The Analysis Gap
In marketing there’s often a gap between the collection and reporting of data. That gap is Analysis.
For small businesses without in-house expertise the analysis of marketing data is a giant void. GA4 makes it easy to collect marketing data but it’s much harder – and more expensive – to report it thoroughly and check for meaning.
Searching out meaning in data inevitably falls by the wayside in small businesses. Know why?
‘Too busy’ you say?
Well yes business owners face myriad tasks day-to-day. But how about this…
There’s a steep learning curve. Yep, the clicks and sales keep coming so why bother trying to understand all that data?
Just keep going and hand over the collection and analysis to someone else. Right?
WRONG!
If you don’t know what you’re looking at you can’t tell if you’re being sold a dud.
That ‘someone else’ you’re paying for is a bit of a lottery.
Hiring a third party doesn’t mean the task of analysing your data will be done correctly. I’m going to tell you a story.
It’s a simple one and it demonstrates this issue nicely.
Our central character is Phil (and no, that’s not his real name).
Phil showed me the report he’d received from his outsourced SEO expert. In it the word ‘improvement’ featured in nearly every paragraph.
Improvement this, improvement that. Poor Phil.
He thought he was doing great. Was he?
It was impossible to tell if the expert’s language used was simply to hide the truth. Nevertheless, Phil never stopped to consider if improvement really meant that.
You know why?
Yes, yes, he was busy. Sure.
But worse than that.
OK, I’ll tell you.
There was not the slightest consideration of business objectives in Phil’s entire strategy. So the whole report really could have been showing improvements.
But we’d never know what had improved.
I took a look at Phil’s stats and I’ll tell you about that later.
A month on month increase in page views is not an improvement unless your business objective is page views.
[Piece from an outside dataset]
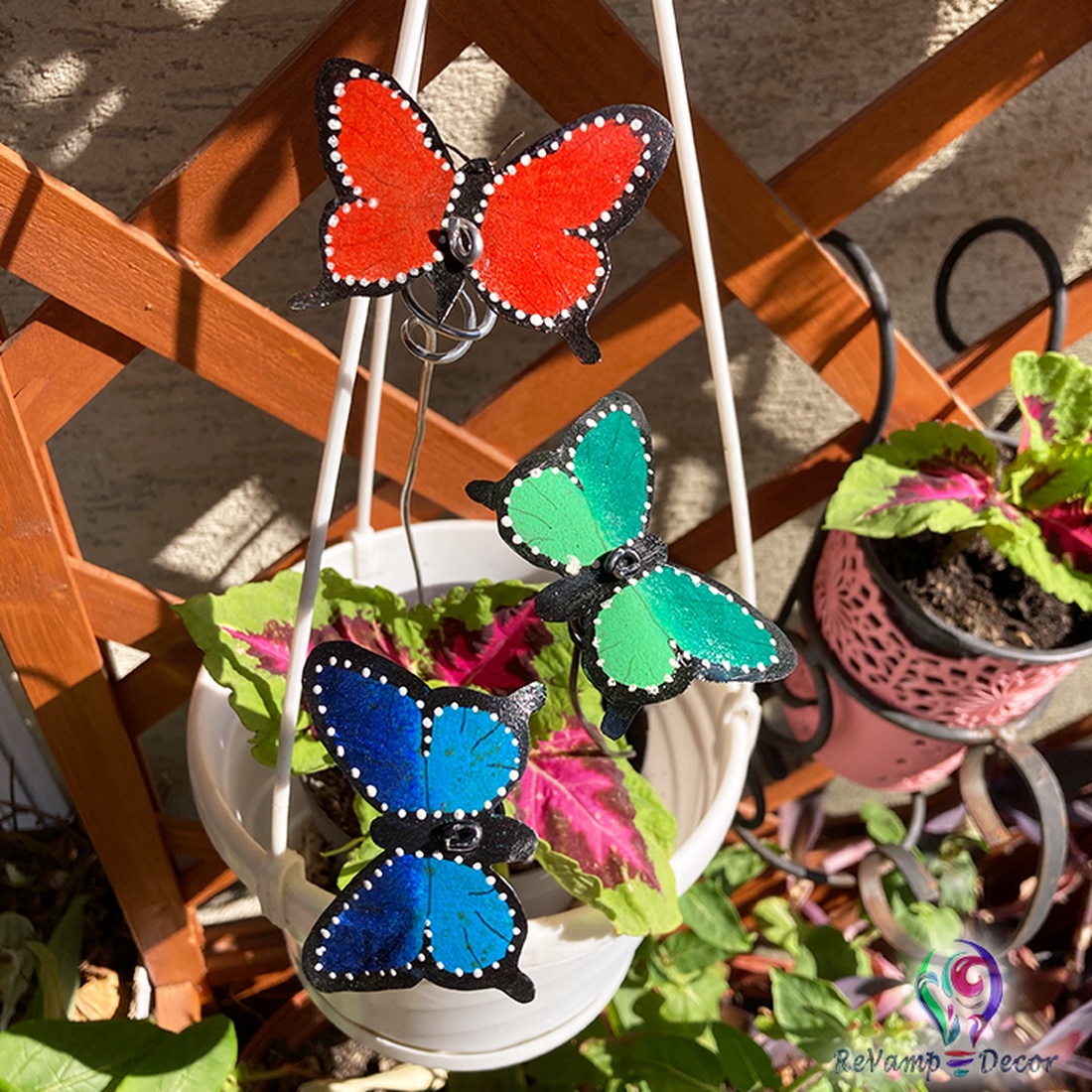 Fluture metalic decorativ de grădină, decupabil, în 3 culori S - casă & stil de viață - accesorii pentru casă și grădină - decorațiuni exterioare și de grădină - Artynos.ro Fluture metalic decorativ de grădină, decupabil, în 3 culori S - casă & stil de viață - accesorii pentru casă și grădină - decorațiuni exterioare și de grădină - Artynos.ro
An increase in site bounces is not an improvement. Plain as day. It’s an increase. Bounces going up? Poor Phil.
The saddest part though…
Phil is no exception.
Most clients seem stumped when I ask them what the goal of analysing their data is.
Ask that question to a new client. See the look of surprise and bewilderment? No-one has asked them before. Why would they? Isn’t it obvious? Higher revenues! More clicks!
It depends.
Why R is a Powerful Tool for GA4 Reporting
You know the saying ‘if you only have a hammer everything looks like a nail’ ?
Sometimes progress is better examined by looking at metrics not reported in the standard GA4 interface.
Even those owners who can state their objectives will not have considered that.
Here’s an example.
Perhaps it would be more useful to check what itemsets customers put in their basket. Then we can ask new questions:
Was there something driving their choices?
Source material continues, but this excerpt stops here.